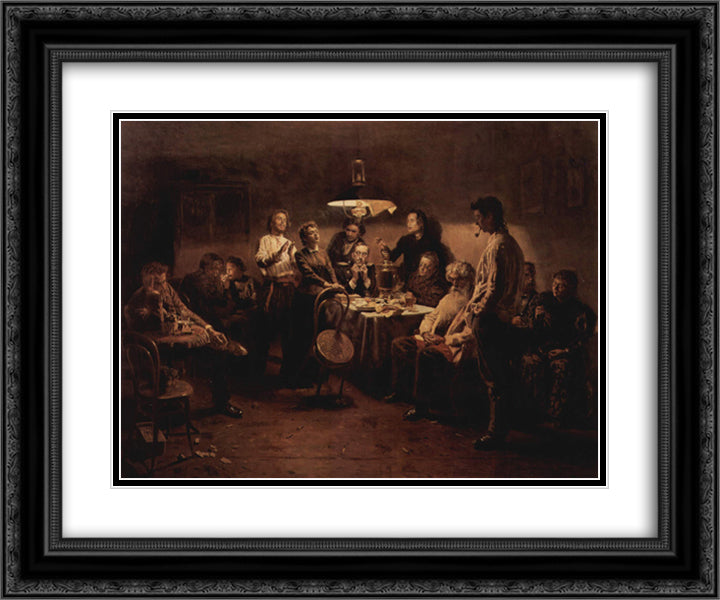Evening company 24x20 Black Ornate Wood Framed Art Print Poster with Double Matting by Makovsky, Vladimir
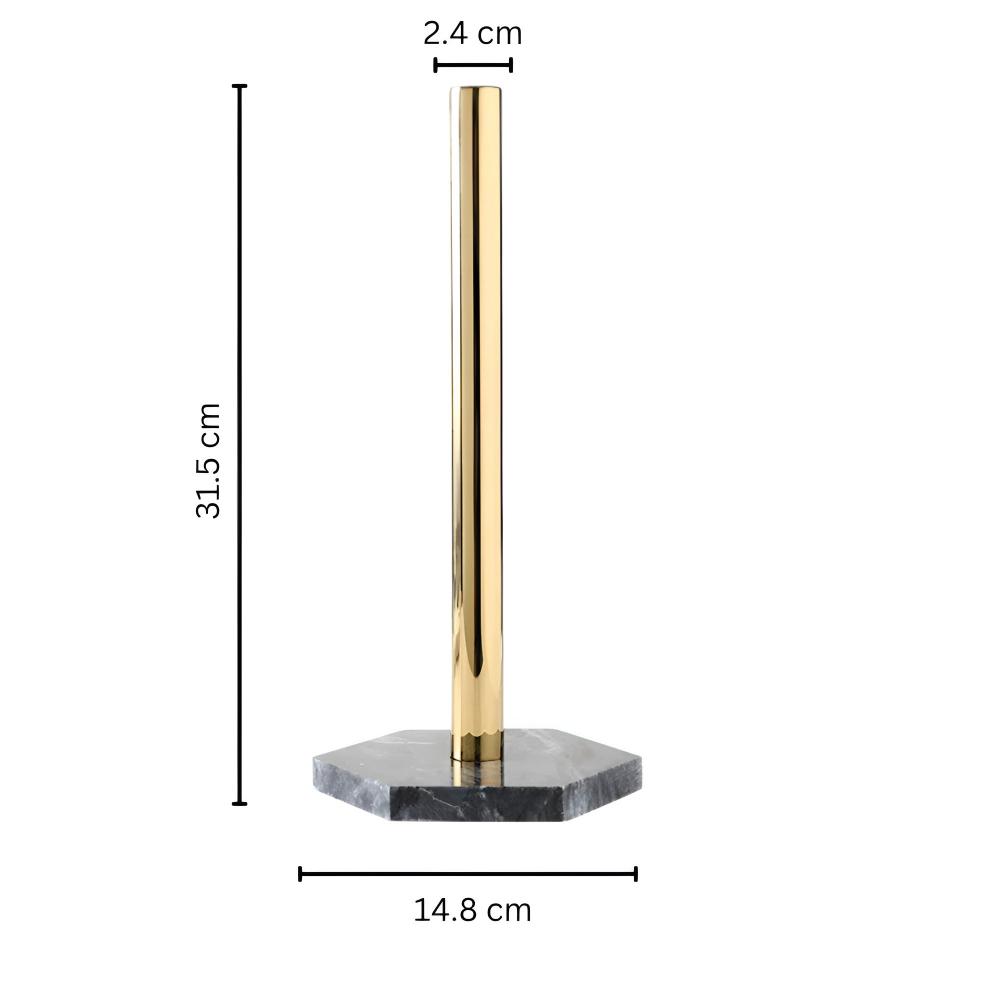 Marble Base Paper Towel Holder with Gold Accents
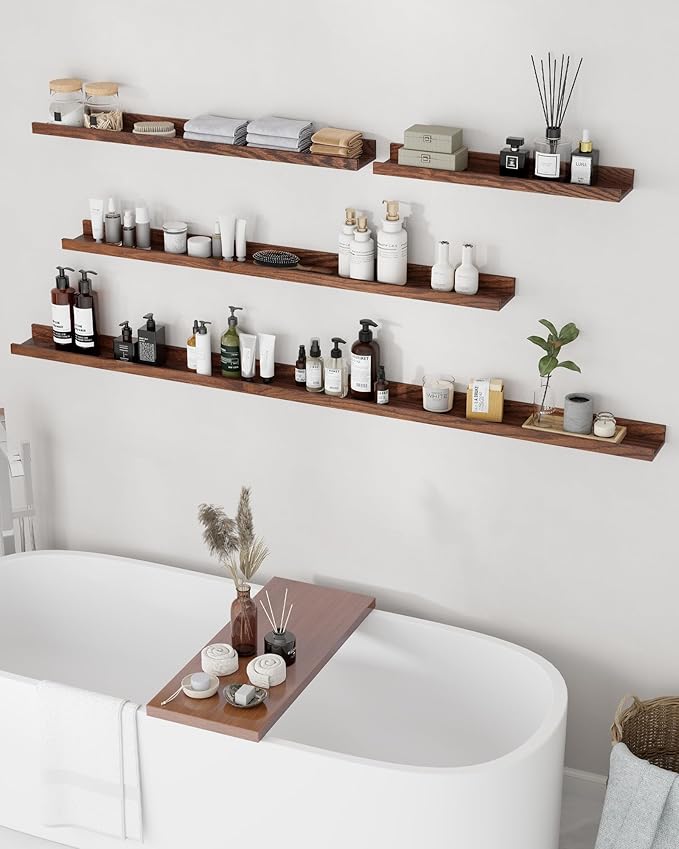 Axeman Oak Picture Ledge Shelf, 55 Inch Floating Shelves Set of 2, Solid Oak Wood Wall Shelves with Lip, Wall Decor Storage for Bedroom Living Room Bathroom Kitchen Nursery Photo Picture, Walnut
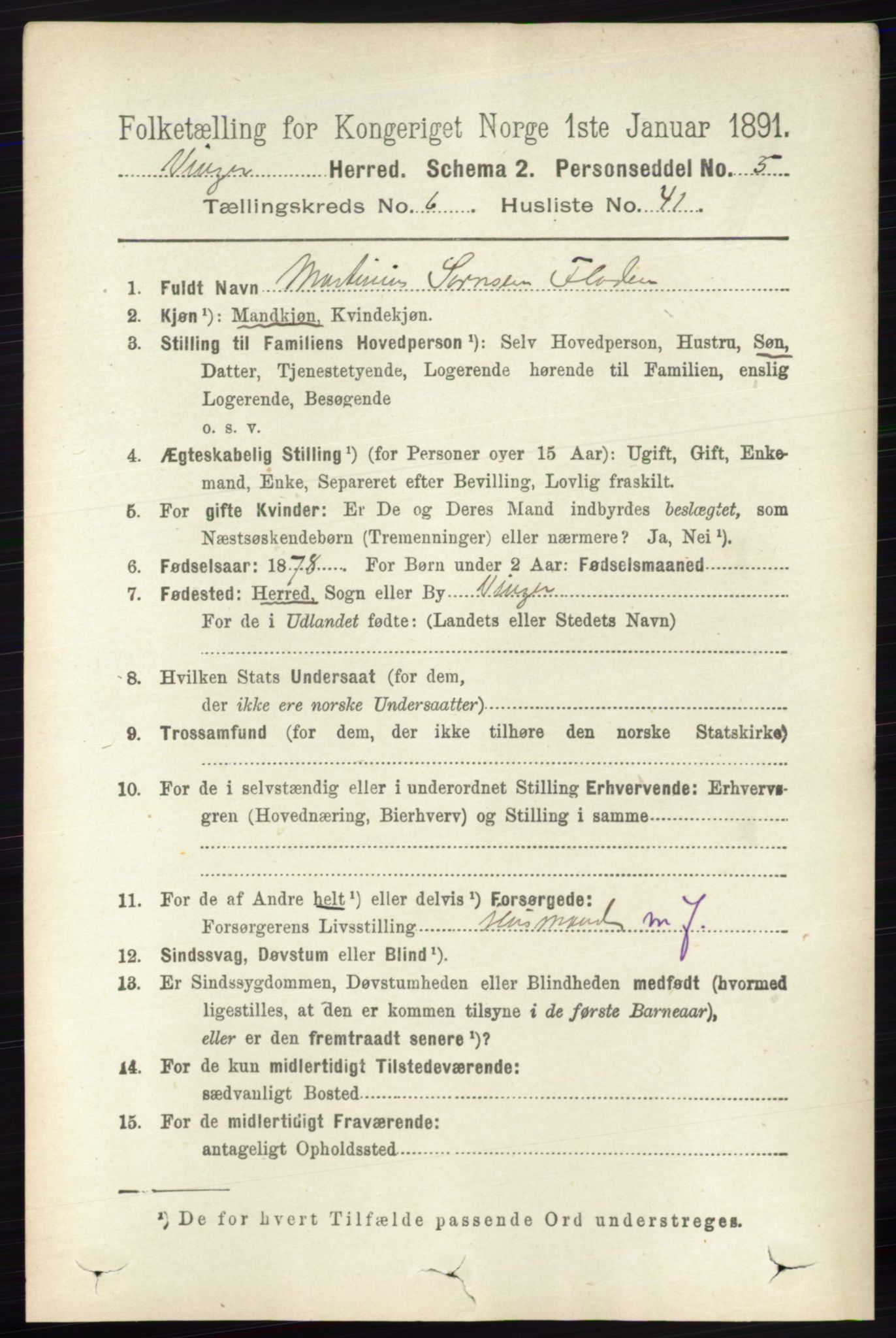 RA, 1891 census for 0421 Vinger, 1891, p. 2842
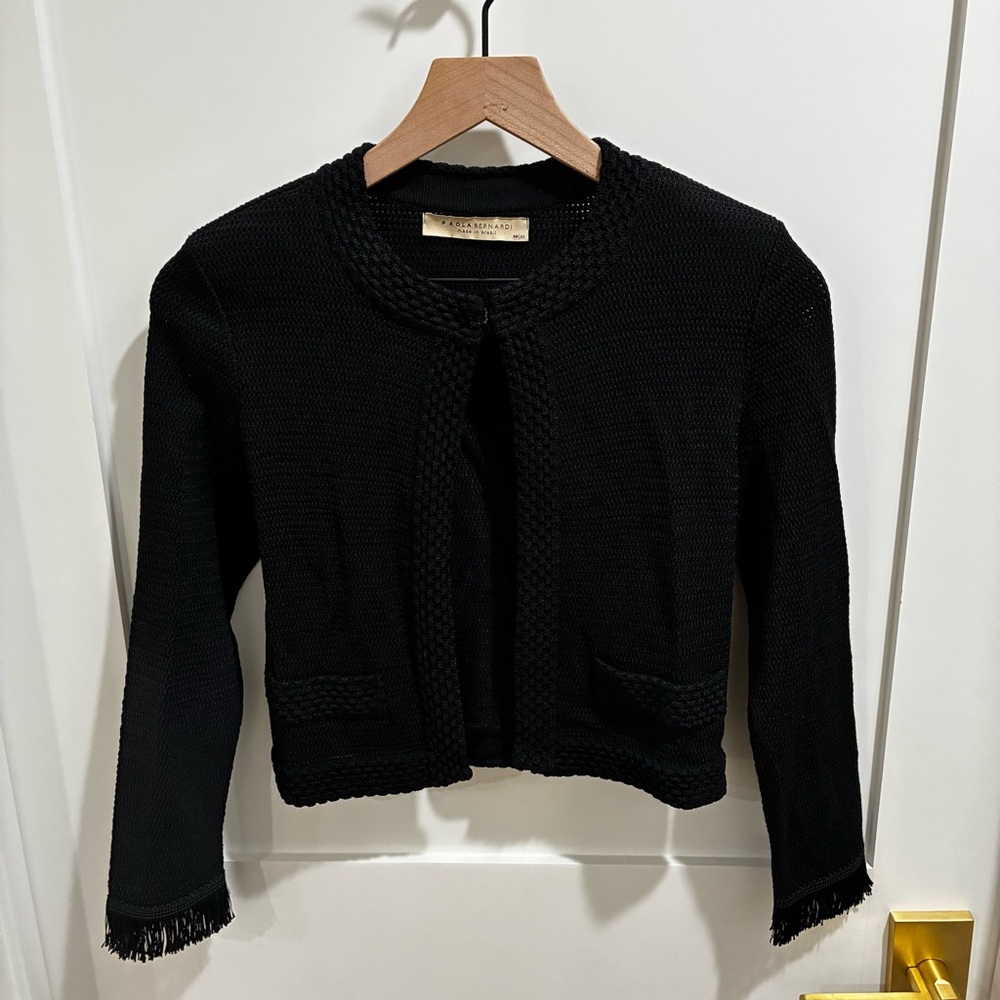Paola Bernardi Black Knit Cropped Jacket Fringe Tassel Cuffs Made in Brazil XS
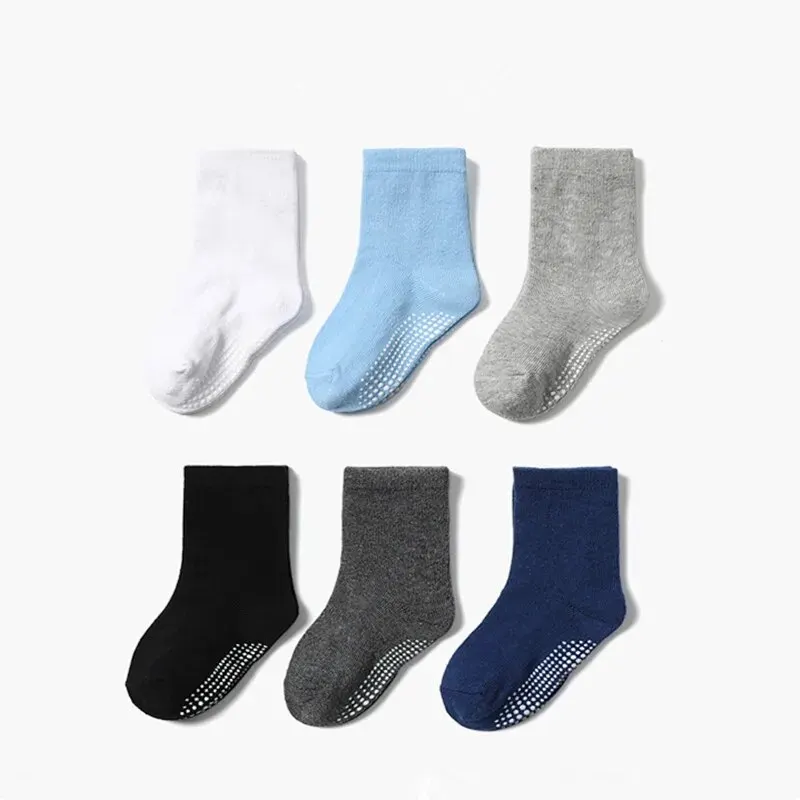 6Pairs/Lot Anti-slip Non Ankle Socks With Grips For Baby Toddler Kids Boys Girls All Seasons Cotton Floor Socks For 0-3Years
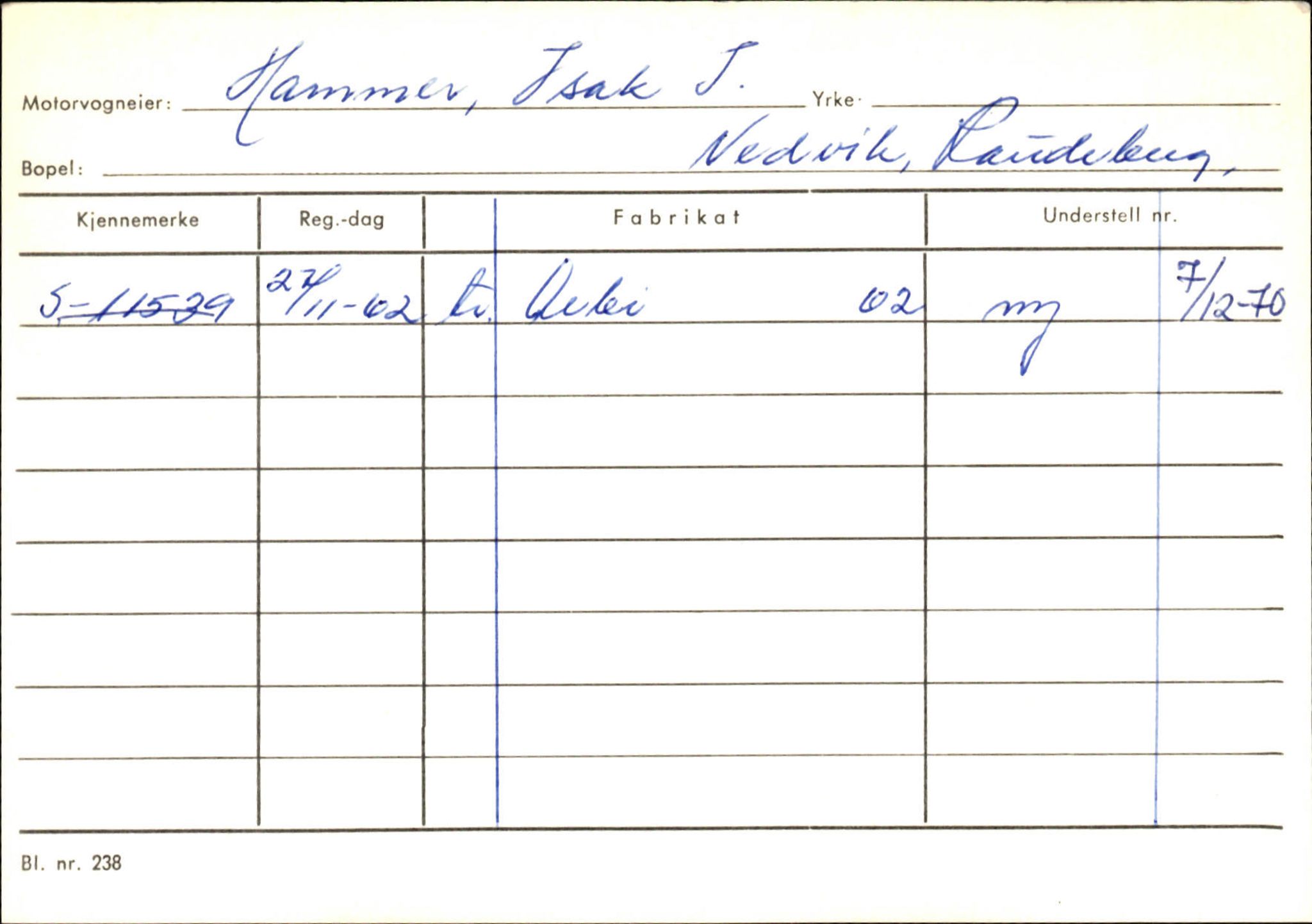 Statens vegvesen, Sogn og Fjordane vegkontor, SAB/A-5301/4/F/L0144: Registerkort Vågsøy A-R, 1945-1975, p. 885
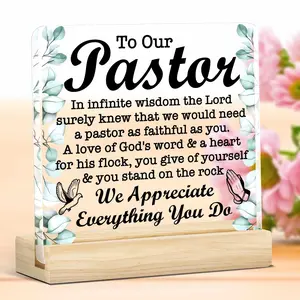 Pastor Appreciation Gift Acrylic Decorative Plaque Desk Sign, Inspirational Thank You Gift for Church Leader or Minister, Perfect for Office Decor & Retirement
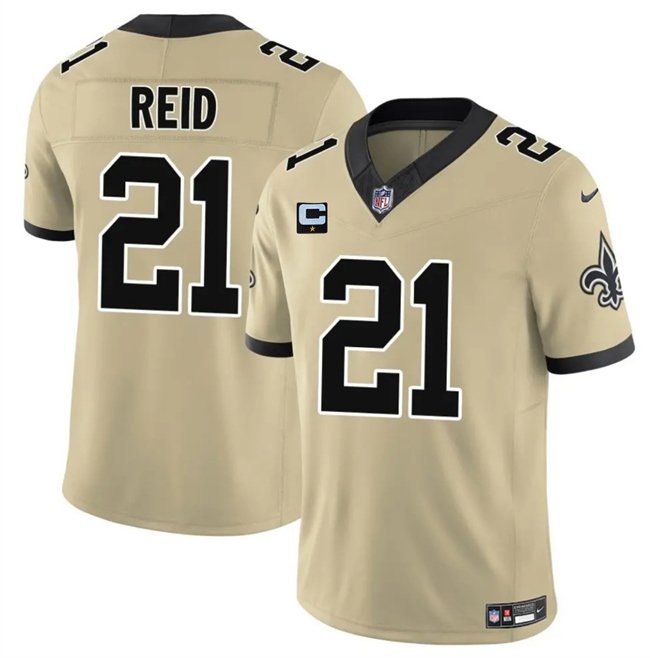 Gold New Orleans Saints #21 Justin Reid 2025 F.U.S.E. With 1-Star C Patch Alternate Vapor Limited Stitched Football Jersey - NOS09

- [Task details]: Only the lines from the one with "Pastor Appreciation Gift" through the final line of the entries belong in the answer, set down exactly, with both ends included and no pictures.

- [Task solution]:
 Pastor Appreciation Gift Acrylic Decorative Plaque Desk Sign, Inspirational Thank You Gift for Church Leader or Minister, Perfect for Office Decor & Retirement
 Gold New Orleans Saints #21 Justin Reid 2025 F.U.S.E. With 1-Star C Patch Alternate Vapor Limited Stitched Football Jersey - NOS09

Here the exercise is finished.